Fernando BriseƱo writes:

The more productive workers' loyalties would gradually shift toward the firm and there will be less incentives to stay within the union.

Milton Recht writes:

Might be due to union paranoia.

Merit raises and bonuses remove control of wage increase (merit pay) from union to worker and company. A worker deserving a merit increase is likely to believe the union is not necessary, that his/her pay is based on individual skills and not union power or union negotiations.

Also, increases chance that worker that does not get a merit award will leave company, increases union member turnover and over time increases number of retained employees who deserve merit pay and believe they do not need union.

Milton Recht writes:

Also, worker seniority is a big part of union member benefits and merit pay not based on seniority.

Hyena writes:

Most unions are run by elected boards, thus their positions on big issues like this simply reflect the position of the median. It's probably pointless to identify a cause beyond that other than "the median union member expects to lose out in a merit pay deal".

ajb writes:

The more flexible the pay structure, the harder it is to monitor changes in payment as the industry changes. For example, an industry that might normally see average wage growth of 2% net of macro (overall economy) effects could choose to freeze most workers pay while growing that of the best teachers. Thus the static raise in salaries limits company control over working conditions. The more the firm can vary conditions the easier it is to undermine union agreements.

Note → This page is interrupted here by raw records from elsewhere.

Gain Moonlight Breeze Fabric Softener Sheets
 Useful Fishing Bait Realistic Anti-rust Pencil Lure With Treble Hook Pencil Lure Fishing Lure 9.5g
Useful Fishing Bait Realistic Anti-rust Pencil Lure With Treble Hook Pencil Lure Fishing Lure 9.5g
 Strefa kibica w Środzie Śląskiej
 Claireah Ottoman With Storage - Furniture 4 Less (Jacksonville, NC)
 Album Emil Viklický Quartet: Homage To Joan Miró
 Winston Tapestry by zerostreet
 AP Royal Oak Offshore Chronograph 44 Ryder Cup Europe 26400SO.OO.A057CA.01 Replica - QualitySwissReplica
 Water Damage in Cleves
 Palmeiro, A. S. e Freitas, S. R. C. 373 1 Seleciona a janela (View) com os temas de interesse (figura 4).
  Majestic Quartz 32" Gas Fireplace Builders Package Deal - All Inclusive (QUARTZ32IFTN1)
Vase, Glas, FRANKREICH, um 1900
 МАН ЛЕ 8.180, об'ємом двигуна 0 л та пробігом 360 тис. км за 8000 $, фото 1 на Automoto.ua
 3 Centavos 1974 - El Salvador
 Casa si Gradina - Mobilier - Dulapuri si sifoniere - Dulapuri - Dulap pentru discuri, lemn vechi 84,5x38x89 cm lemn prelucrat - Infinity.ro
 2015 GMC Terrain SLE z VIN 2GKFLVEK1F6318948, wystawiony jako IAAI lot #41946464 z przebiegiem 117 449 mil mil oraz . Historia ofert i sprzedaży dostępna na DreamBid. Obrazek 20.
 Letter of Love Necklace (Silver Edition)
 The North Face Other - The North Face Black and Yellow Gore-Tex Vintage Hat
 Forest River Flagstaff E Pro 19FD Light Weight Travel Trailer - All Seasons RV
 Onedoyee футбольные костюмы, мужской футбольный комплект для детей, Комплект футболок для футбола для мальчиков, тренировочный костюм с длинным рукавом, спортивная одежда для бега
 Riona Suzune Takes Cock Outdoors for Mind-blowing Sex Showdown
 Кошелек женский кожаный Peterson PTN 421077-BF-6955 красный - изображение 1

Look at how weak tenure is at the university level. Compared to European systems, the fact that the US has no consistent professorial pay structure means that it's easier to punish low performers. Heck, the fact that profs can be paid differently both across and within departments means that tenure only guarantees employment not compensation. There are few consistent salary policies even within state systems like CA. In addition, the non-tenure track teachers give schools even more hiring flexibility. Hence university tenure rules aren't as damaging to labor flexibility as those for public schools. Unions are well aware of this.

Matt writes:

The excuse I hear from teachers about this is that it gives teachers an incentive to teach to the test and sort of cheat the system by making the lessons going over test answers. My solution would be to keep merit pay based on student performance and fix the tests so they accurately test for what students should be learning. If the test is good, then it shouldn't matter if the teacher is teaching to it. That might actually be a good thing.

HispanicPundit writes:

Megan McArdle answered that question here.

Matthew Gunn writes:

Several possibilities that might rationalize teacher unions' behavior:

(1) If merit pay induces better teachers to enter the workforce then the current set of unionized teachers may lose over the long run. Under merit pay, good teachers win and lousy teachers lose. Lousy teachers are likely to have lower than average wage increases and less job security. While the average compensation of teachers may increase under merit pay, the current set of teachers may lose if they are sufficiently lousy on average.

(1b) The core political/voting constituency of the union may be the worst teachers because they gain the most from the union's existence.

(2) Merit pay may undermine the teacher union monopoly. As AJB describes, merit pay may undermine the seniority system and other agreements. Merit pay inherently requires some teacher level measure of merit, and if we know who the worst teachers are, there will be increased pressure to let them go.

FC writes:

It is an article of faith held by many teachers that all teachers are excellent. I have actually heard people say this.

Eelco Hoogendoorn writes:

Why would this monopolist care about quality one way or the other? The consumption of their good is rationed in such a way that people couldnt possible consume more of it anyway.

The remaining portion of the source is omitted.